Cardiomyopathy is rare at the level of individual diagnoses, yet it drives millions of clinical decisions and outcomes worldwide, including an estimated 1.9 million deaths from cardiomyopathy and myocarditis in 2019. In 2020, restrictive cardiomyopathy alone affected an estimated 6.8 million people globally, while the UK’s hypertrophic cardiomyopathy prevalence was about 0.16 percent. As guideline thresholds, imaging biomarkers, and new drug approvals keep shifting, these rates and risks help explain why two patients with similar symptoms can end up on very different care pathways.
Key Takeaways
- 6.8 million people worldwide were estimated to be living with restrictive cardiomyopathy in 2020
- HCM prevalence was estimated at 0.16% (about 1 in 625) in the population in the UK
- In a Canadian community-based study, the prevalence of HCM was reported as 1 in 500 (0.2%)

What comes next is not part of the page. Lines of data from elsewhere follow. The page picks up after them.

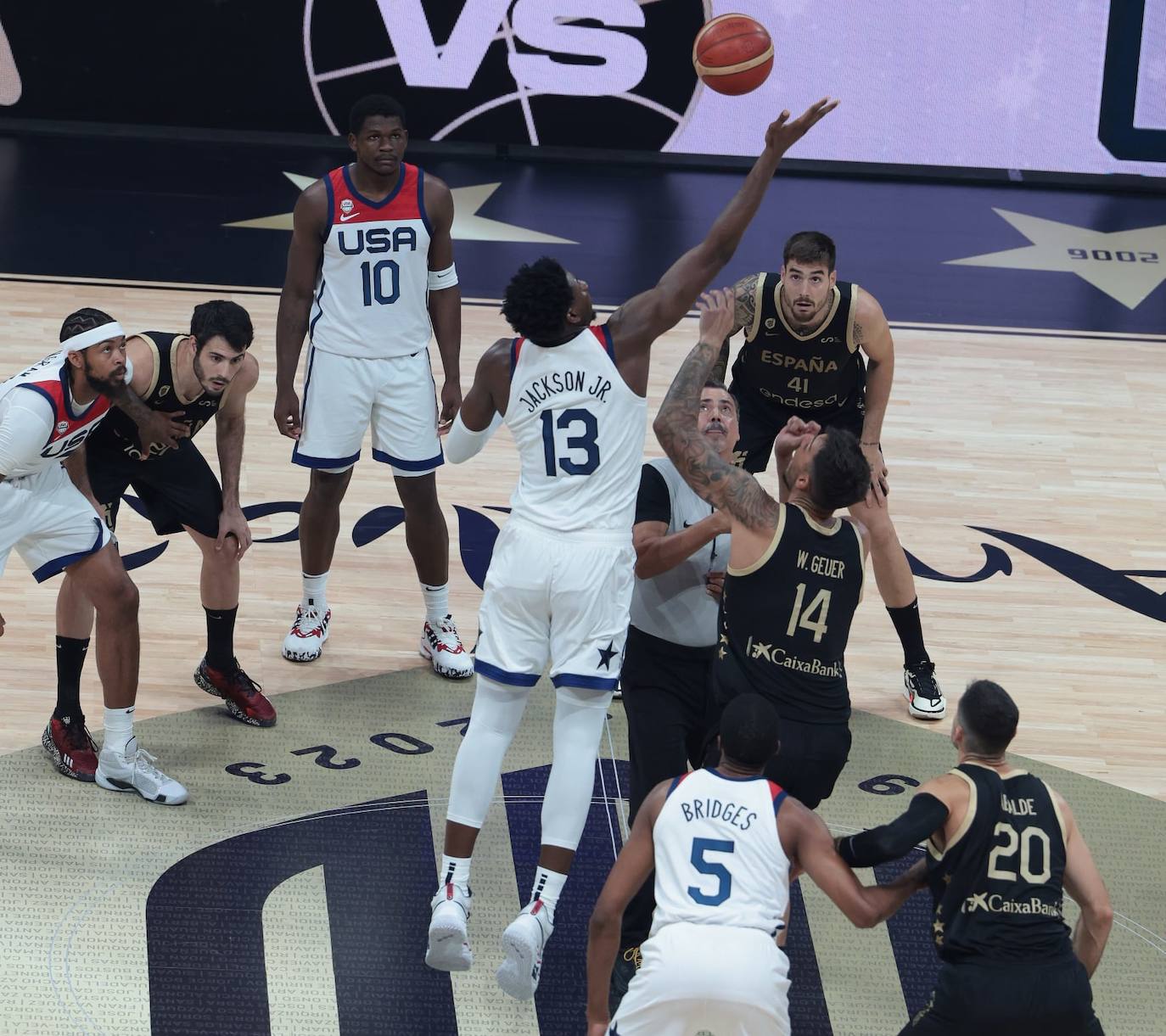 El España-Estados Unidos disputado en el Carpena, en imágenes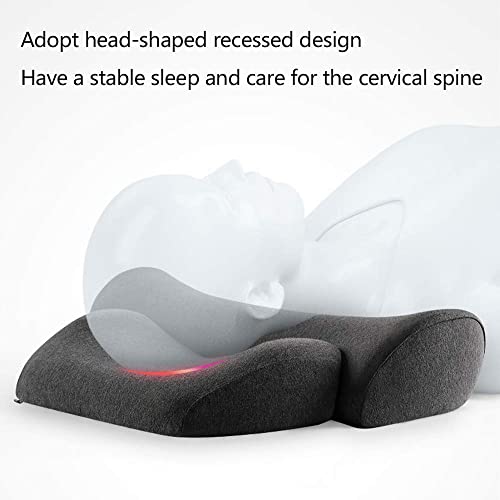 ZYYH Almohada Ayuda a Dormir y Protege la Columna Cervical deshumidificación Transpirable Antibacteriano antiácaros Alivia el Dolor Cervical restaura la Curva del Cuello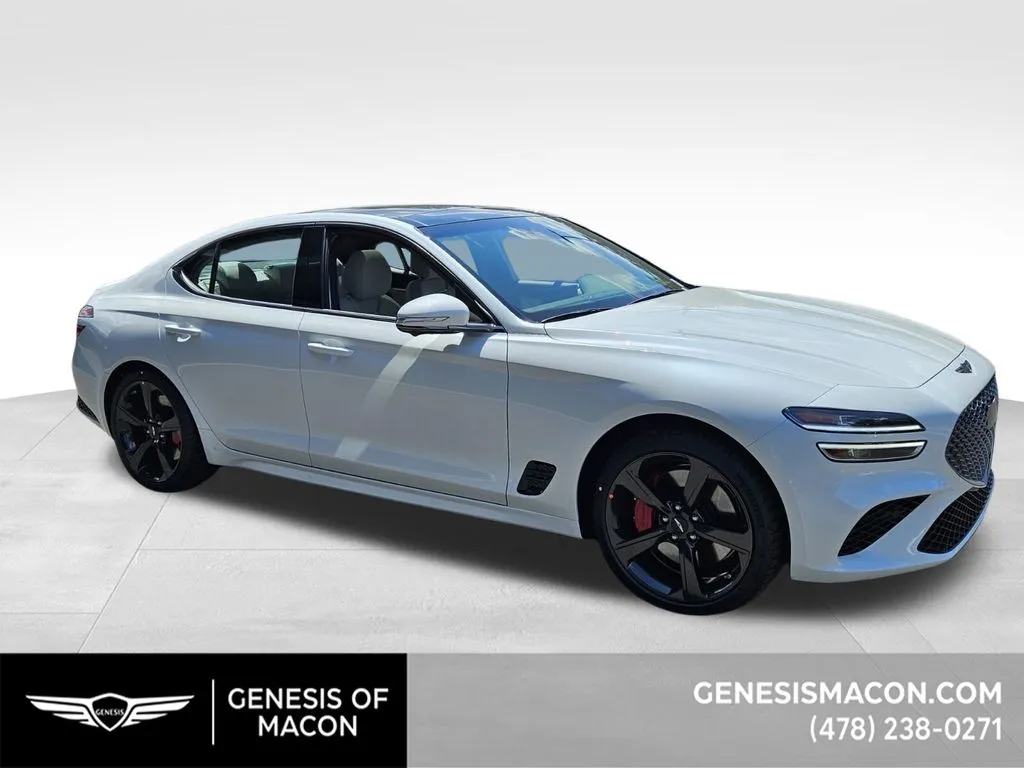 White 2026 Genesis G70 3.3T Sport Prestige for sale in Macon, GA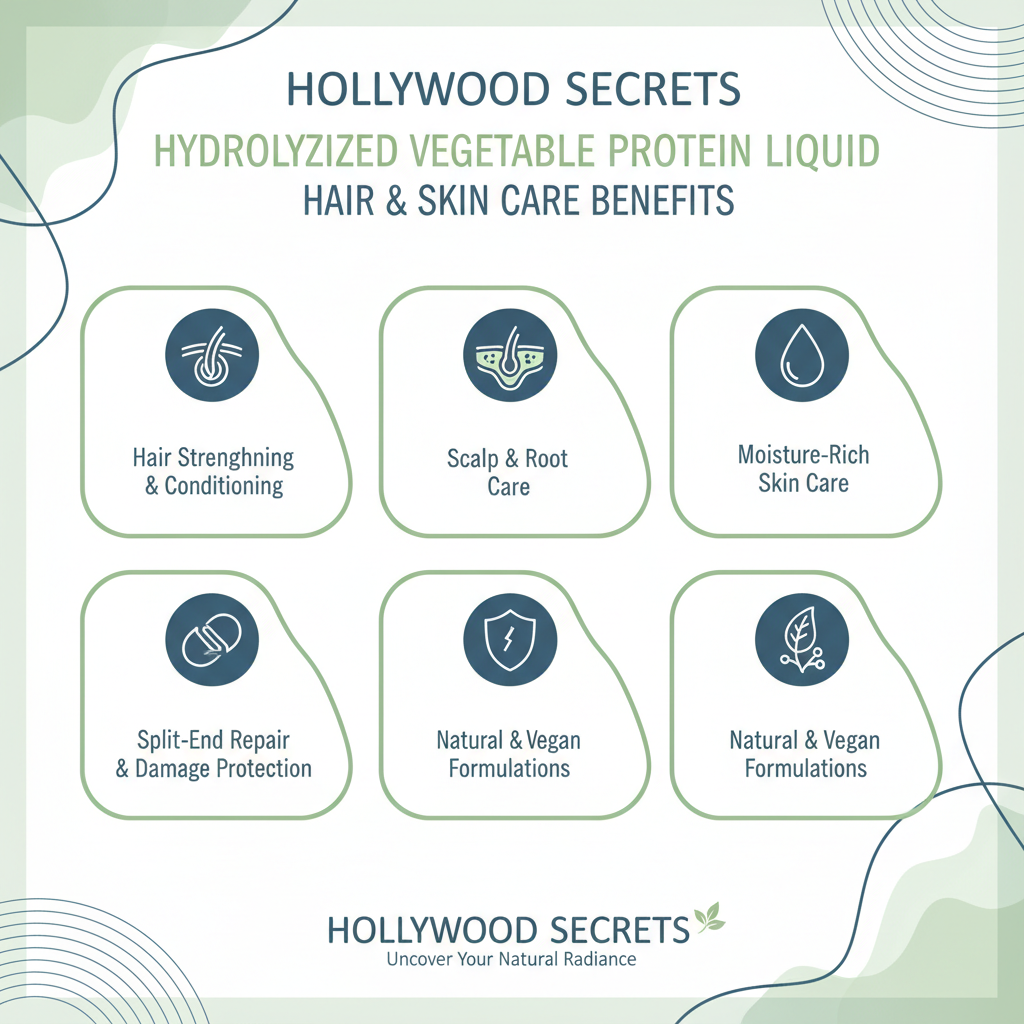 Hydrolyzed Vegetable Protein Liquid 100 ml Hollywood Secrets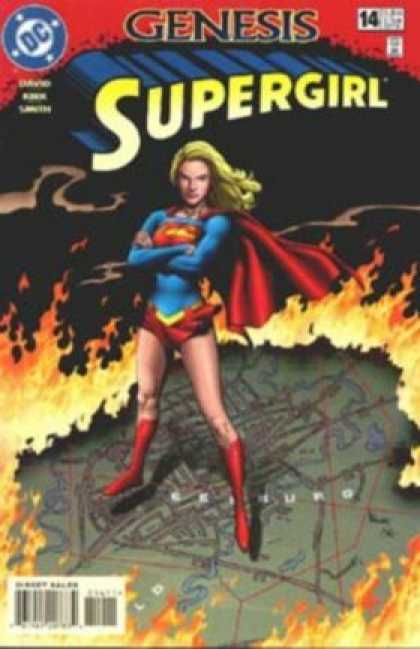 Supergirl 14 - Genesis - Superhero - David - Fire - Direct Sales - Gary Frank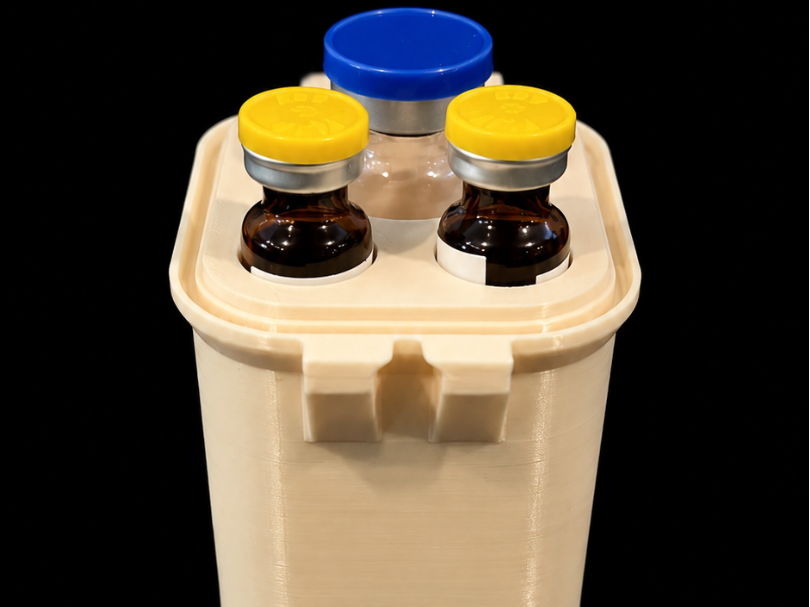 Peptide Travel Case – 2× 3mL + 1× BAC Water
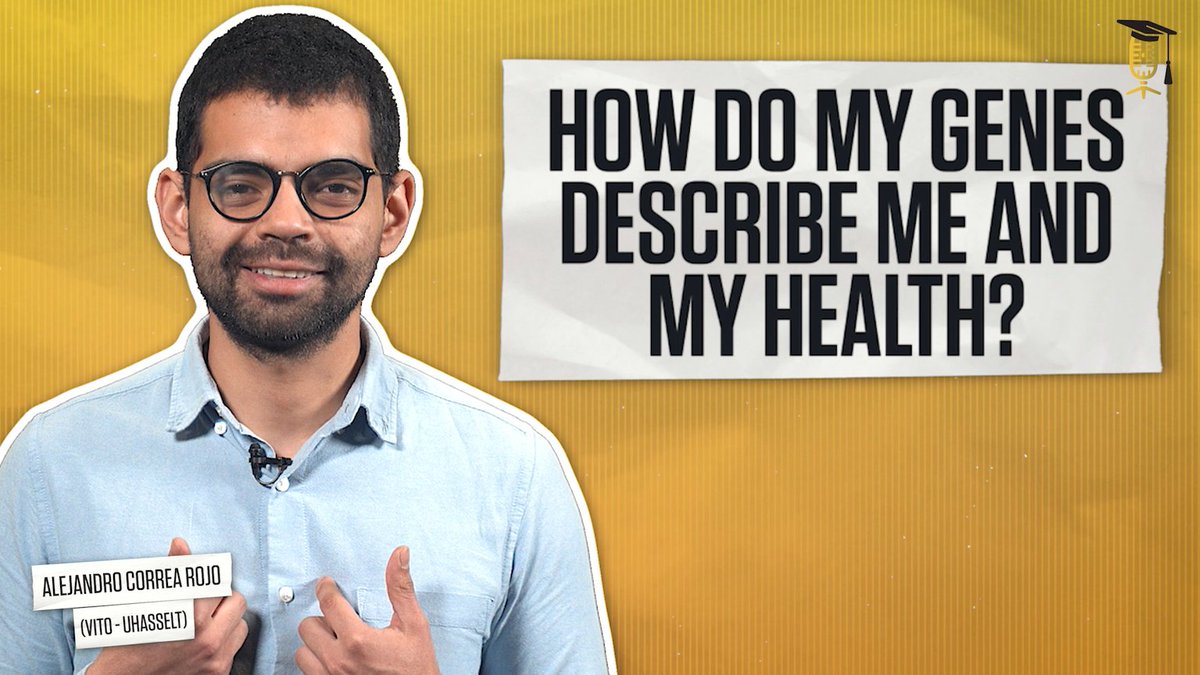 Why do some of us always catch colds, while others seem immune, even in winter? 🤧 'The answer lies in our #genes,' says Alejandro C. Rojo @VITObelgium @uhasselt. He developed a Genetic Risk Score to compare your risk for a specific #disease to others. 🎥sciencefiguredout.be/how-do-my-gene…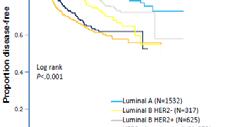 1028 German meta-analysis: Prognosis of patients without / with pcr by subtype pcr is a surrogate for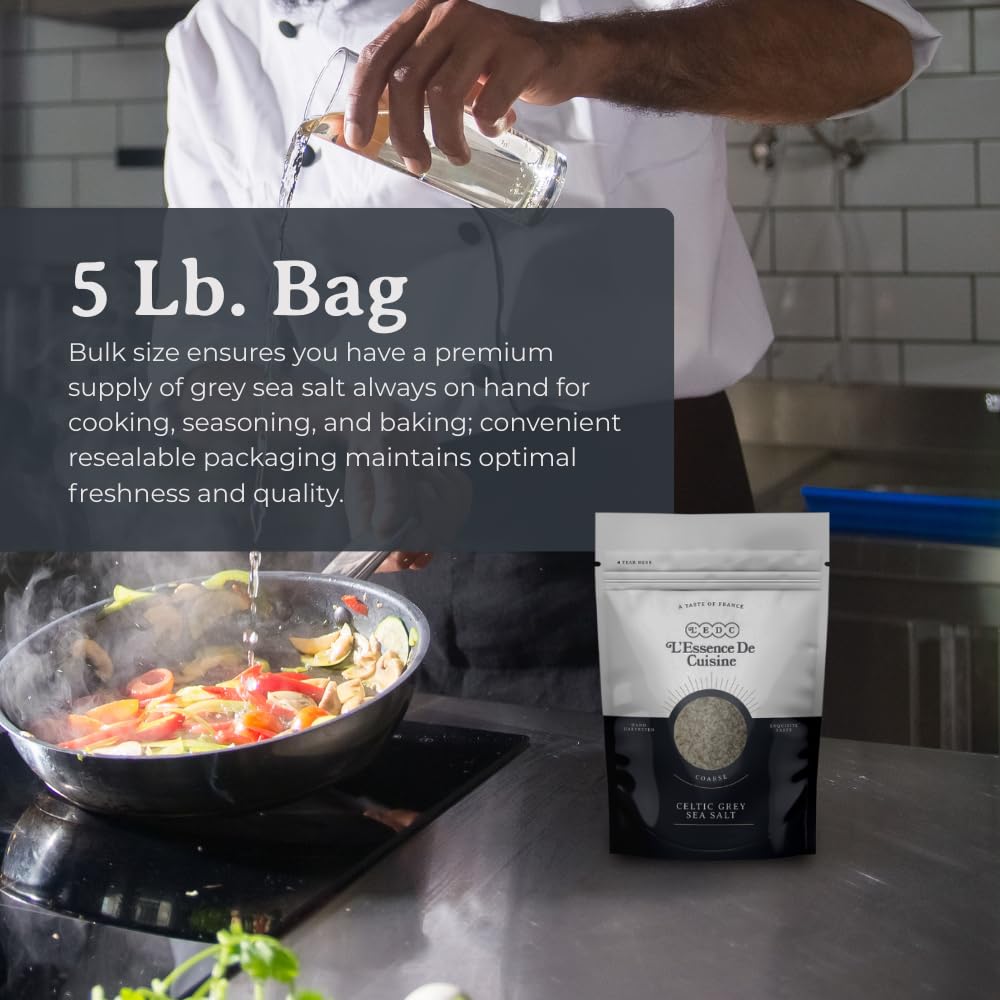 L'Essence De Cuisine salt crystals in a bowl ideal for seasoning lean proteins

- The 2021 ESC guidelines define left ventricular wall thickness thresholds for hypertrophic cardiomyopathy including ≥13 mm with additional risk factors
- For genetic testing in hypertrophic cardiomyopathy, the 2020 AHA/ACC guideline recommends genetic counseling and testing for patients and first-degree relatives
- The 2022 AHA/ACC/HFSA heart failure guideline recommends ARNI (sacubitril/valsartan) to reduce morbidity and mortality in patients with chronic symptomatic HFrEF
- Worldwide heart failure (not cardiomyopathy-specific) market size for therapies was estimated at $44.0 billion in 2023
- In 2024, the global cardiovascular imaging market was valued at $9.6 billion (including modalities used for cardiomyopathy evaluation such as echocardiography and MRI)
- In 2020, the US had about 1.5 million adults diagnosed with cardiomyopathy-related heart failure conditions broadly classified under heart failure (context for access and burden)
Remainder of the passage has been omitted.